In last week’s posting I gave myself a virtual sore throat arguing for the political imperative in poetry. This conviction is rooted in my own experiences: silenced as a child, silenced again in the psychiatric system, I have a deep-rooted belief that as poets we have an obligation to speak out – and that in poetry, we have the perfect vehicle for our voices.

It’s an obligation I feel most acutely when there is a silence to be broken. When people are silenced, for example – by law; by threat of violence; by wilful misinterpretation; by the denial of language, for example – it seems more important than ever that we speak out, on their behalf.

Speech for the speechless. Ventriloquism give us the perfect strategy for achieving this magical act. As poets, we can speak in the voices of those who have no voice. We can give them back their words. We can speak directly from their lives and their perspectives.

Except, of course, we cannot. We can never stop being ourselves. When we speak in the voices of other people, we simply throw our own voices into their mouths. When they talk in our poetry, it is our perspectives, our feelings, our priorities they express.

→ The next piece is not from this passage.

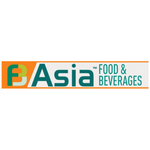 Asia Food and Beverage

In effect, we silence them, all over again.

Read this.


The Angry Survivor by Choman Hardi

This is my story, not yours. Not
the government’s to turn into numbers,
charts. Not for women’s use to win hearts
for their cause. Not journalists’
to sensationalize. Not nationalists’ to tell
a simple story. This is my story. Mine.

Long after you turn off your recorder
and return to your calm and peaceful world,
I stay indoors and weep, can’t sleep.
Why don’t people understand?
I am neither hero, nor God,
cannot stand the talk of forgiveness.

For years I went to every wake. Wept
at every man’s funeral. Kept asking: Why?
Now I just endure the days, for sure,
by planting cucumbers which you
interrupted, by believing in another world
where things can be put right.

Spare me your despair and understanding,
the best you can do is to leave me.
As for the record, I don’t care about that.
Take history with you and go. Don’t come
here again, I just don’t want to know.

I am fed up with documentations of my grief
with journalists asking me to sing a lullaby
for my dead children so they can broadcast it
during comemoration or use it as propaganda
during elections. I am fed up with women.


Written directly from her own identity as a Kurdish woman forced into exile by Saddam Hussein’s murderous regime; Hardi’s work is at once passionately political and searingly personal. In her recent collection “Considering the Women”, the Anfal Sequence is spoken directly in the voices of survivors of the genocide of the Kurdish people. Described by Moniza Alvi as “poetry of international significance”, it is remarkable in every conceivable way.

This all brings us to this month’s CAMPUS Debate:

When we speak in other people’s voices, do we give them voice?

When poets speak in the first person about lives, experiences and feelings which are not their own, they are engaging in a form of theft or colonisation? When driven by an imperative to give voice to the voiceless, is what we achieve an act of ventriloquism, or another level of silencing, in which the poet’s perspectives and limited experiences are represented as those of the subject?

Choman Hardi is one of the few poets who directly and consciously engages with the substance of this question: when we speak in other people’s voices, do we give them voice? Or do we take it away from them?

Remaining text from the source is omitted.